[Bridge] [RFC net-next v3 06/10] net: bridge: mrp: switchdev: Extend switchdev API to offload MRP

Tue Jan 28 09:58:23 UTC 2020

On 27.01.2020 15:39, Jürgen Lambrecht wrote:
>EXTERNAL EMAIL: Do not click links or open attachments unless you know the content is safe
>
>On 1/27/20 1:27 PM, Allan W. Nielsen wrote:
>> Hi Jürgen,
>>
>> On 27.01.2020 12:29, Jürgen Lambrecht wrote:
>>> EXTERNAL EMAIL: Do not click links or open attachments unless you know the content is safe
>>>
>>> On 1/26/20 4:59 PM, Andrew Lunn wrote:
>>>> Given the design of the protocol, if the hardware decides the OS etc
>>>> is dead, it should stop sending MRP_TEST frames and unblock the ports.
>>>> If then becomes a 'dumb switch', and for a short time there will be a
>>>> broadcast storm. Hopefully one of the other nodes will then take over
>>>> the role and block a port.
>This can probably be a configuration option in the hardware, how to fall-back.
>>
>>> In my experience a closed loop should never happen. It can make
>>> software crash and give other problems.  An other node should first
>>> take over before unblocking the ring ports. (If this is possible - I
>>> only follow this discussion halfly)
>>>
>>> What is your opinion?
>> Having loops in the network is never a good thing - but to be honest, I
>> think it is more important that we ensure the design can survive and
>> recover from loops.
>Indeed
>>
>> With the current design, it will be really hard to void loops when the
>> network boot. MRP will actually start with the ports blocked, but they
>> will be unblocked in the period from when the bridge is created and
>> until MRP is enabled. If we want to change this (which I'm not too keen
>> on), then we need to be able to block the ports while the bridge is
>> down.
>Our ring network is part of a bigger network. Loops are really not allowed.
That is understood, and should be avoided. But I assume that switches
which crashes is not allowed either ;-)

We will consider if we somehow can block the ports before/after a
user-space protocol kicks in. I can not promise anything, but we will
see what can be done.

>> And even if we do this, then we can not guarantee to avoid loops. Lets
>> assume we have a small ring with just 2 nodes: a MRM and a MRC. Lets
>> assume the MRM boots first. It will unblock both ports as the ring is
>> open. Now the MRC boots, and make the ring closed, and create a loop.
>> This will take some time (milliseconds) before the MRM notice this and
>> block one of the ports.
>In my view there is a bring-up and tear-down module needed. I don't
>know if it should be part of MRP or not?
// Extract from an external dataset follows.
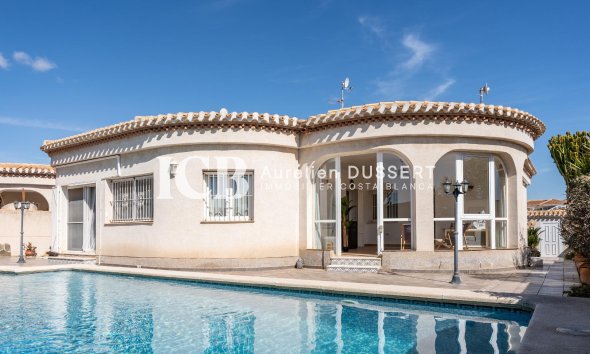 Maison individuelle - Revente - Orihuela Costa - Playa Flamenca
Probably not, so something on
>top of the mrp daemon.
If we need this kind of policies, then I agree it should be on top of or
out-side the user-space MRP daemon.

>> But while we are at this topic, we need to add some functionality to
>> the user-space application such that it can set the priority of the MRP
>> frames. We will get that fixed.
>Indeed! In my old design I had to give high priority, else the loop was
>wrongly closed at high network load.
Yes, I'm not surprised to hear that.

>I guess you mean the priority in the VLAN header?
>I think to remember one talked about the bride code being VLAN-agnostic.
Yes, if it has a VLAN header (which is optional). But even without the
VLAN header these frames needs to be classified to a high priority
queue.

>>> (FYI: I made that mistake once doing a proof-of-concept ring design:
>>> during testing, when a "broken" Ethernet cable was "fixed" I had for a
>>> short time a loop, and then it happened often that that port of the
>>> (Marvell 88E6063) switch was blocked.  (To unblock, only solution was
>>> to bring that port down and up again, and then all "lost" packets came
>>> out in a burst.) That problem was caused by flow control (with pause
>>> frames), and disabling flow control fixed it, but flow-control is
>>> default on as far as I know.)
>> I see. It could be fun to see if what we have proposed so far will with
>> with such a switch.
>
>Depending on the projects I could work on it later this year (or only next year or not..)
Sounds good - no hurry.

/Allan